Bex: hated it, but it was probably fun for a minute or two.

Ellen: Eddie’s still not convinced

Bex: he is. Yeah. Like I, so we go back to the present.

Ellen: “I think you are giving the EMS gods too much credit,”

Bex: and it doesn’t help that when they first get on the scene, the, that they were called to, it does look like a minor fender bender. But then Bobby tells Eddie to look up and it turns out that the reason that the fender bender happened was because both drivers were too distracted by the guy who has duct taped himself to a billboard high above the street.

Ellen: Oh yeah. Is this billboard has a spider web on it, so this guy’s name is Izzy Chains. Is that his name?

Bex: Yeah.

Ellen: And, and his album name is Stuck on You. So it’s, there’s a QR code. I tried this [00:21:00] QR code with my phone and it didn’t work. I was like, no. I mean, I thought it might take me somewhere fun, but it didn’t.

Bex: The So Billboard is quite clever because at the, he’s try, he is a musician, he’s trying to promote his song, the song is called “Stuck on You”, and he has taped himself right in the middle of the spider web. Um, so I mean, he gets points for artistic creativity. Um,

Ellen: yeah. I mean, he must have had someone to help him because I don’t know how you would tape yourself up to a billboard.

Alice: Yeah. Right?

Ellen: Up in the air.

Bex: We are not, no, you can’t think about that because. It is just for the drama. Just,

Ellen: yeah, yeah.

Alice: No, he had a friend. It’s fine. Yeah. Yeah. So he, like, Izzy Chains is like yelling, ” Stream stuck on Oh, like listen to ‘Stuck on you’, blah, blah, blah. Um, I’ll be here all night!” Yeah. Um, he’s just yelling that the entire time.

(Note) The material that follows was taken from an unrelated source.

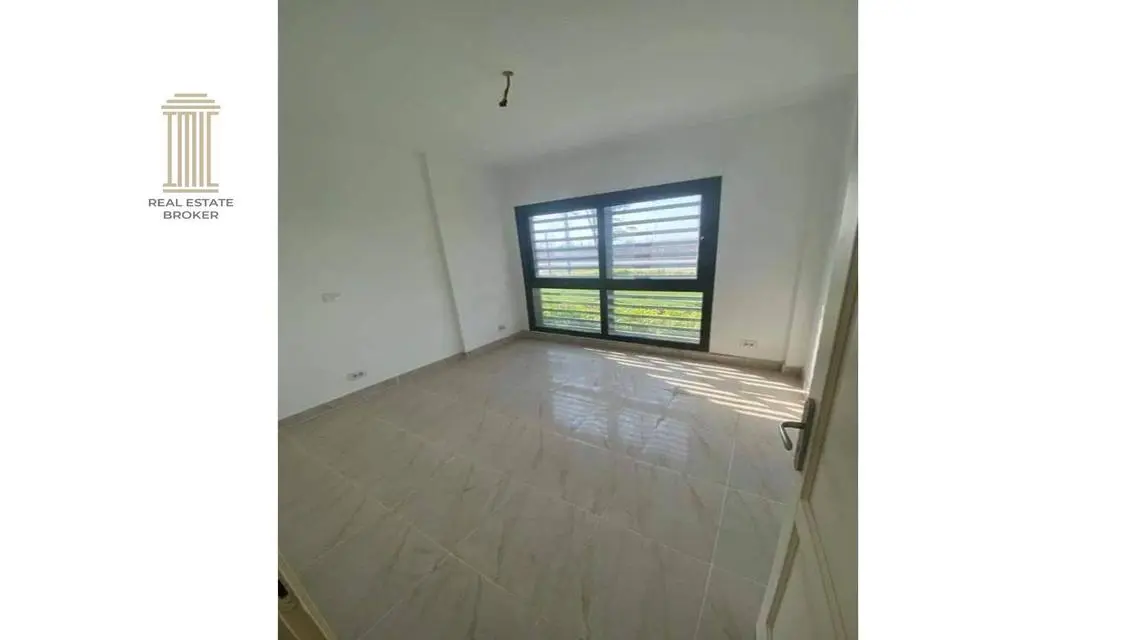 Luxury Property 131 sqm - Balcony and Shared Pool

Bex: He’s having a great time up there and he is loving that he has summoned this crowd underneath him. ’cause everyone is watching to see [00:22:00] this crazy person get rescued off a billboard. The fender bender is fine. The, I mean, we do get a, a little bit of chim and he, you know, doing some actual paramedic work, but they’re not important.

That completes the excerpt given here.